▶ Assignment: The required output is the exact sequence of lines from the line holding "目トレスのtwitterイラスト検索結果 古い順 目トレスのtwitterイラスト検索結果" to the end of the records, inclusive.

(Stored data)
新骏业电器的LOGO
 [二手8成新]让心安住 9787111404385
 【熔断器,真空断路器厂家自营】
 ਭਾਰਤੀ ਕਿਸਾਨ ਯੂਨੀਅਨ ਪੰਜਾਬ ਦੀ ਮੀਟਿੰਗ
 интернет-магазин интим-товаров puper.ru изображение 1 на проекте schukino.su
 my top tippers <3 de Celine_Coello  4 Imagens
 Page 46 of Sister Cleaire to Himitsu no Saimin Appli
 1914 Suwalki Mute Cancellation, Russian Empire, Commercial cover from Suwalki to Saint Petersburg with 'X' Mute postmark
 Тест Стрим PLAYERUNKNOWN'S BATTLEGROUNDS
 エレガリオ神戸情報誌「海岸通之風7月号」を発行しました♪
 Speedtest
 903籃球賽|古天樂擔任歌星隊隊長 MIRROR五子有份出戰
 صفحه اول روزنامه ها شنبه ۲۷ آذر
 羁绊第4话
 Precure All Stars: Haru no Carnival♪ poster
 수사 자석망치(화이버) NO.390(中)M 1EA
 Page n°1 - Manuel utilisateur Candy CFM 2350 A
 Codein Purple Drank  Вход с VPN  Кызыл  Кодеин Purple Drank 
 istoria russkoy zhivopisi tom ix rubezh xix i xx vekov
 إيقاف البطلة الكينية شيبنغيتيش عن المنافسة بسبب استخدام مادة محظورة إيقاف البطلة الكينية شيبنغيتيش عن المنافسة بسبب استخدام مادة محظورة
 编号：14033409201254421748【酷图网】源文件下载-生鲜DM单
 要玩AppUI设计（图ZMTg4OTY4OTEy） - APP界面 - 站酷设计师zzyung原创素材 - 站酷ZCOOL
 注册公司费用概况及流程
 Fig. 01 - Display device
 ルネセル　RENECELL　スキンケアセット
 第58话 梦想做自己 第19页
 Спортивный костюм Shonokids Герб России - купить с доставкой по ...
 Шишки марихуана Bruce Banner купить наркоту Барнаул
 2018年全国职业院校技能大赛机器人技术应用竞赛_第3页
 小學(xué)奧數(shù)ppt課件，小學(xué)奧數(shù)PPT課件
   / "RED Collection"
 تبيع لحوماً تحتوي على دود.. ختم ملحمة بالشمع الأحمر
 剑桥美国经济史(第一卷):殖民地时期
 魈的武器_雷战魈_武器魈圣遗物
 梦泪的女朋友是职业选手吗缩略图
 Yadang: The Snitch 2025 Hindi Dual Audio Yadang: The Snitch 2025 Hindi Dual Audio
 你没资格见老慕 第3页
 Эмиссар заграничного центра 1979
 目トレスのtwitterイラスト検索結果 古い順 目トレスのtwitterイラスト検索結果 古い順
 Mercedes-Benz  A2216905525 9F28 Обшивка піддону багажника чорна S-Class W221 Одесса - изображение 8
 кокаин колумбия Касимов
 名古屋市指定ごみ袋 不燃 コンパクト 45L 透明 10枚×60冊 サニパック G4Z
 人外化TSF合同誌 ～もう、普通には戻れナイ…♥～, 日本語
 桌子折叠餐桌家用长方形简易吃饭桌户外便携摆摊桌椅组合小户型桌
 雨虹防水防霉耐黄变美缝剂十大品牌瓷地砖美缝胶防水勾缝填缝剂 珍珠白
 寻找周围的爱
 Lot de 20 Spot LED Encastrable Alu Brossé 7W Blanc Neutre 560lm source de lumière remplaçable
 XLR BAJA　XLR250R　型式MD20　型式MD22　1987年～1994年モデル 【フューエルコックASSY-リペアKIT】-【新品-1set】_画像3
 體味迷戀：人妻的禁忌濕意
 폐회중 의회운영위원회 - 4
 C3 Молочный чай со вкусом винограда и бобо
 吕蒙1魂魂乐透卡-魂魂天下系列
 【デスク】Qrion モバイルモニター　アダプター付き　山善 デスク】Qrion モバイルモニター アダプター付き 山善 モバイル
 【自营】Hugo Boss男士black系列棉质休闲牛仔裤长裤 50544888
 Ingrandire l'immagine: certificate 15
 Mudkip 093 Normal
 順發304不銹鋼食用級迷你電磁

▶ Result of this task:
 目トレスのtwitterイラスト検索結果 古い順 目トレスのtwitterイラスト検索結果 古い順
 Mercedes-Benz  A2216905525 9F28 Обшивка піддону багажника чорна S-Class W221 Одесса - изображение 8
 кокаин колумбия Касимов
 名古屋市指定ごみ袋 不燃 コンパクト 45L 透明 10枚×60冊 サニパック G4Z
 人外化TSF合同誌 ～もう、普通には戻れナイ…♥～, 日本語
 桌子折叠餐桌家用长方形简易吃饭桌户外便携摆摊桌椅组合小户型桌
 雨虹防水防霉耐黄变美缝剂十大品牌瓷地砖美缝胶防水勾缝填缝剂 珍珠白
 寻找周围的爱
 Lot de 20 Spot LED Encastrable Alu Brossé 7W Blanc Neutre 560lm source de lumière remplaçable
 XLR BAJA　XLR250R　型式MD20　型式MD22　1987年～1994年モデル 【フューエルコックASSY-リペアKIT】-【新品-1set】_画像3
 體味迷戀：人妻的禁忌濕意
 폐회중 의회운영위원회 - 4
 C3 Молочный чай со вкусом винограда и бобо
 吕蒙1魂魂乐透卡-魂魂天下系列
 【デスク】Qrion モバイルモニター　アダプター付き　山善 デスク】Qrion モバイルモニター アダプター付き 山善 モバイル
 【自营】Hugo Boss男士black系列棉质休闲牛仔裤长裤 50544888
 Ingrandire l'immagine: certificate 15
 Mudkip 093 Normal
 順發304不銹鋼食用級迷你電磁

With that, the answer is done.